#KINGCHASING STUDY PROGRAM: UNIT 1 - DEFINING EXCELLENCE

7/1/2026 12:00:00 AM

This unit reframes what excellence actually means for a Christian coach. Drawing on the biblical idea of arete, it moves the definition away from wins, stats, and status and toward the virtue and character God forms in us through the whole process of competing. Excellence is not only the product at the end. It is the person we are becoming, win or lose, as we compete for God's glory and humbly elevate those around us.

Unit One – Defining Excellence
 
Lesson One – Thinking Christianly About Excellence
We use the word excellence constantly in coaching, but it quietly collapses into wins, stats, and whatever shows up on a scoreboard. This lesson reframes it through the biblical idea of arete, the moral and character excellence Paul has in mind, where excellence isn't just the product at the end but the person being formed in the process. In this article you'll be challenged to coach toward a second scoreboard, build a culture of high standards and high grace, and ask different questions of your athletes, so that the people in your program are becoming who God is calling them to be. 

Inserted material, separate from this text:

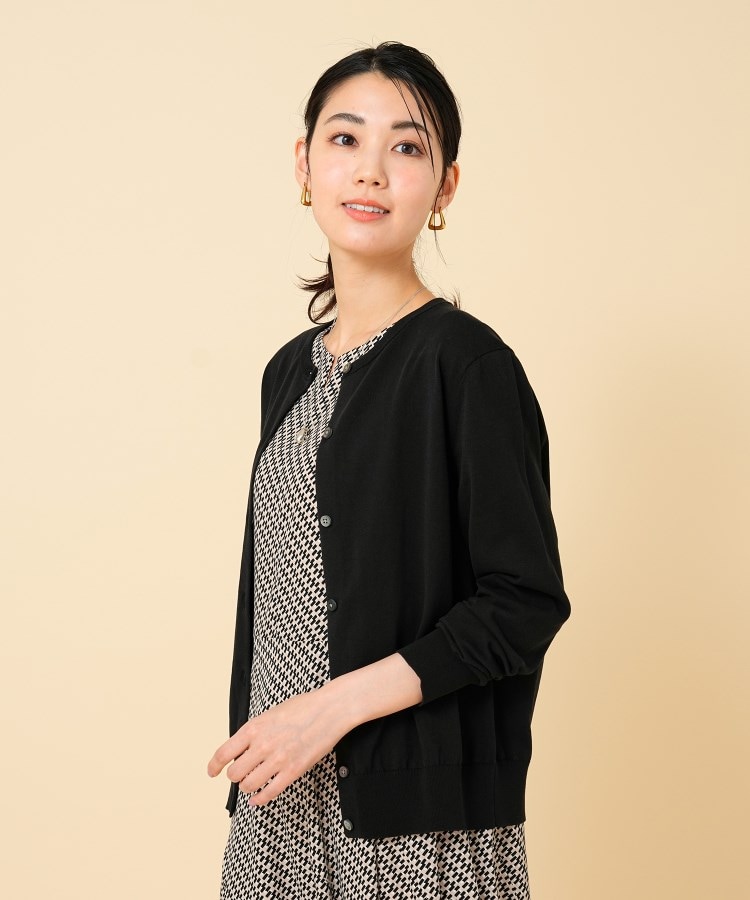 きれいめ/春の軽羽織り】コットンライク クルーネックジャケット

Lesson Two – Excellence, Actually
Wisdom shows up in unexpected places, sometimes through a sports performance podcast. In Excellence, Actually, Steve Magness and Brad Stulberg unpack years of research on what it really means to pursue excellence, and much of it echoes what sport and faith theology has said all along: identity formed through process not results, the danger of tying worth to performance, and the pull of intrinsic motivation. Listen, learn from it, and then bring it back to the deeper why that drives everything you do as a Christian coach.
 
Lesson Three – The Greatest of All Time in Sport vs. The Greatest in the Kingdom of God
Sports culture loves to debate the greatest of all time, crowning athletes based on stats, championships, and status. But when the disciples argued about who was the greatest, Jesus pulled a child into their midst and flipped the whole hierarchy: greatness in His kingdom isn't a status you earn and wield, it's a posture of humility that receives grace and elevates the overlooked. This lesson asks who the "least" in your sporting context is, and what it means to welcome them in the name of Jesus.